» **What you need to do**: With the pictures left out, transcribe exactly the lines from the one with "Guess GUHCP13SKC4GBGO iPhone" through the end of the data.

» **Dataset**:

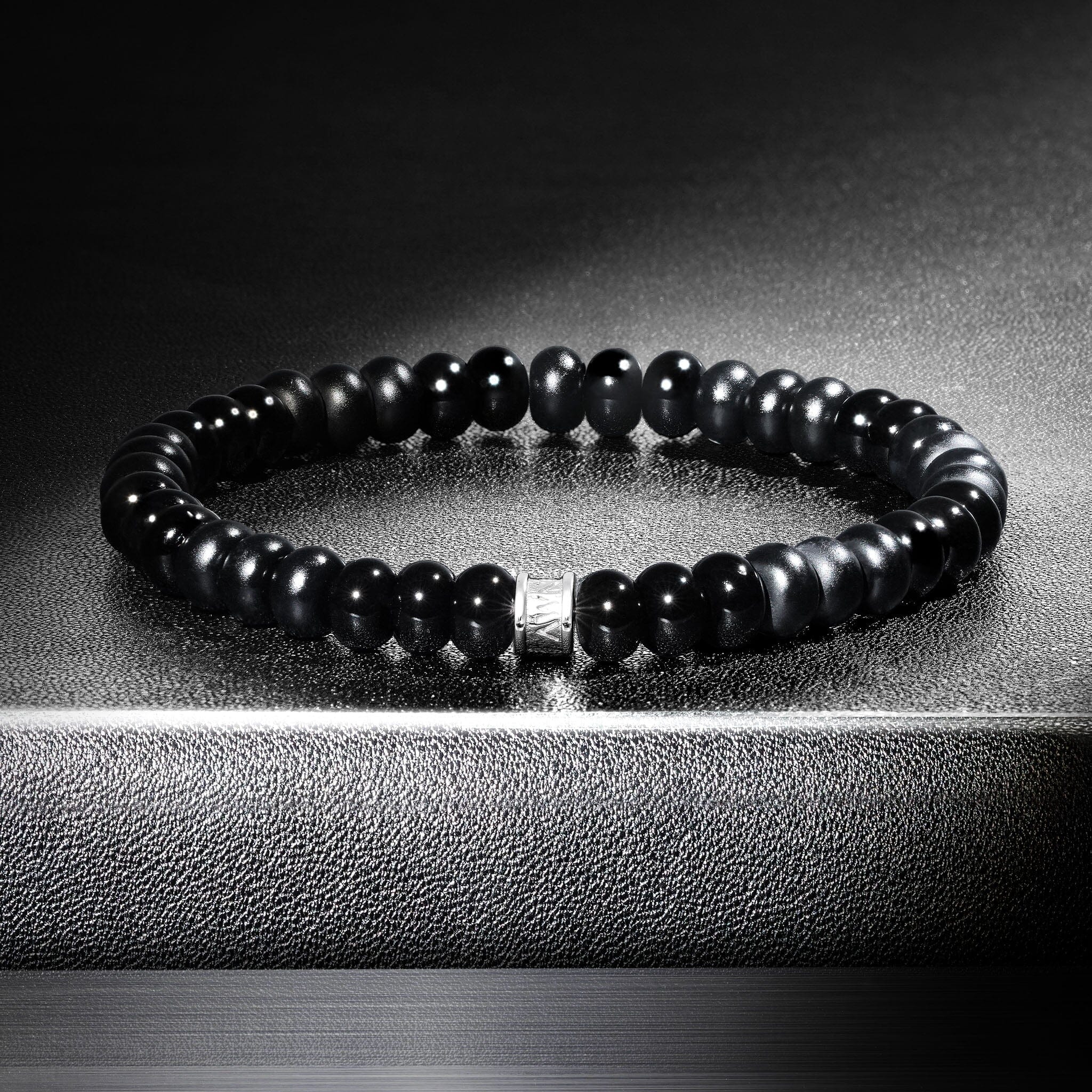 Rune Rondelle Bracelet Onyx Bracelets AWNL 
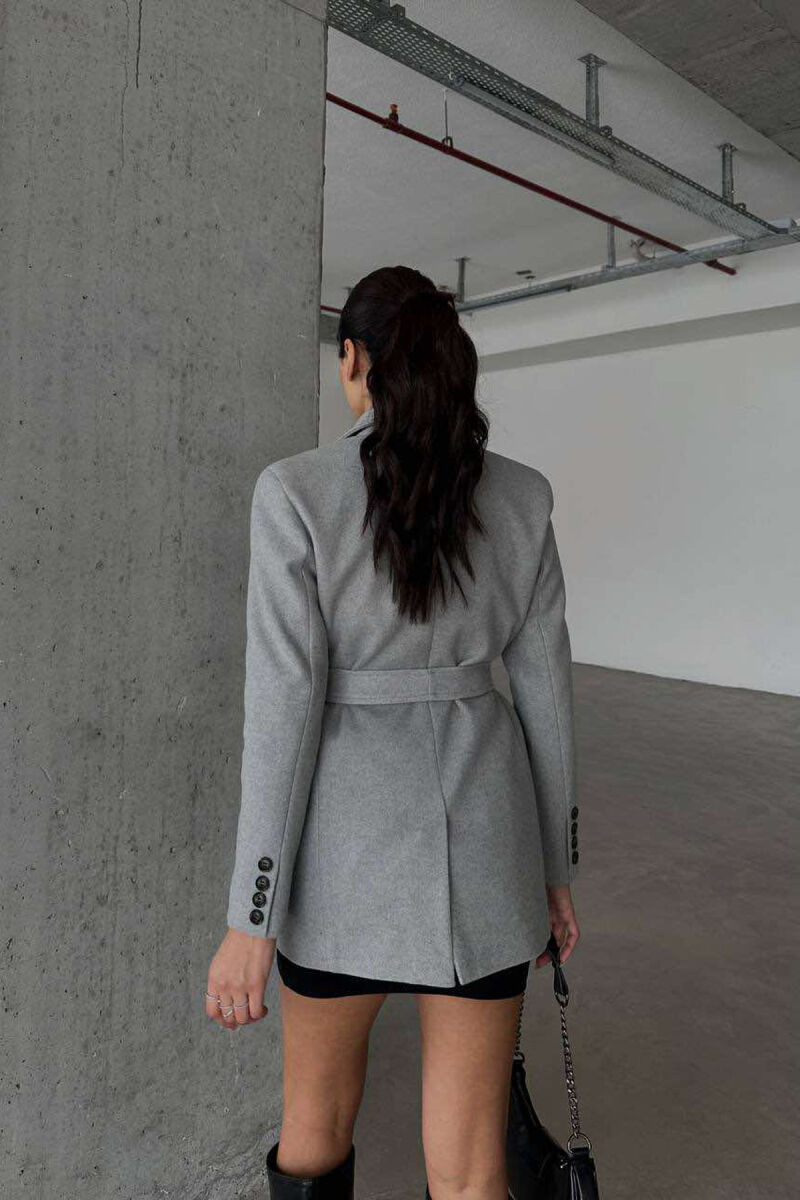 ONE COLOR SIMPLE WOMEN COAT GREY/GRI - 2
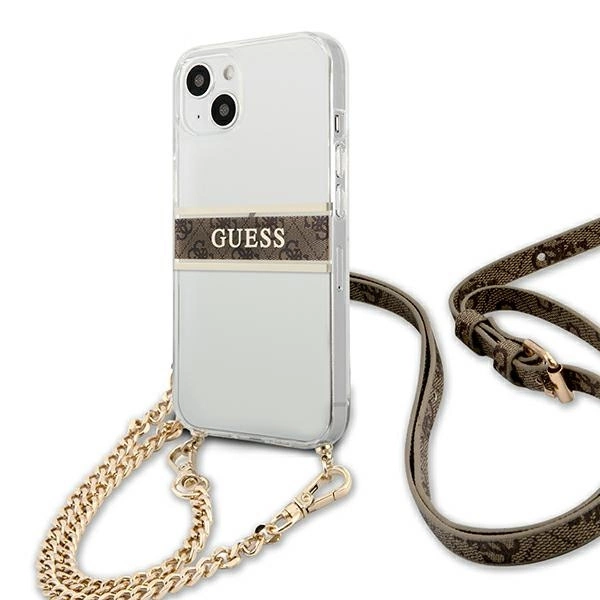 Guess GUHCP13SKC4GBGO iPhone 13 mini 5,4" permatomas kietasis dėklas 4G Brown Strap Gold Chain - Image 2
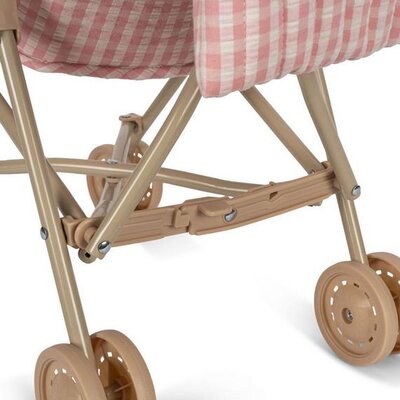 Poppen kinderwagen Powder pink check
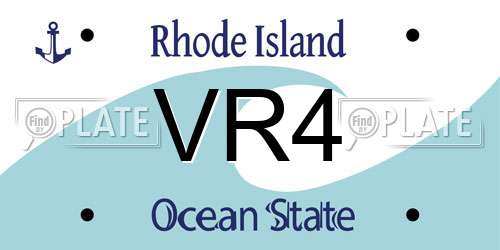 VR4 Rhode Island License Plate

» **Completed exercise**:
 Guess GUHCP13SKC4GBGO iPhone 13 mini 5,4" permatomas kietasis dėklas 4G Brown Strap Gold Chain - Image 2
 Poppen kinderwagen Powder pink check
 VR4 Rhode Island License Plate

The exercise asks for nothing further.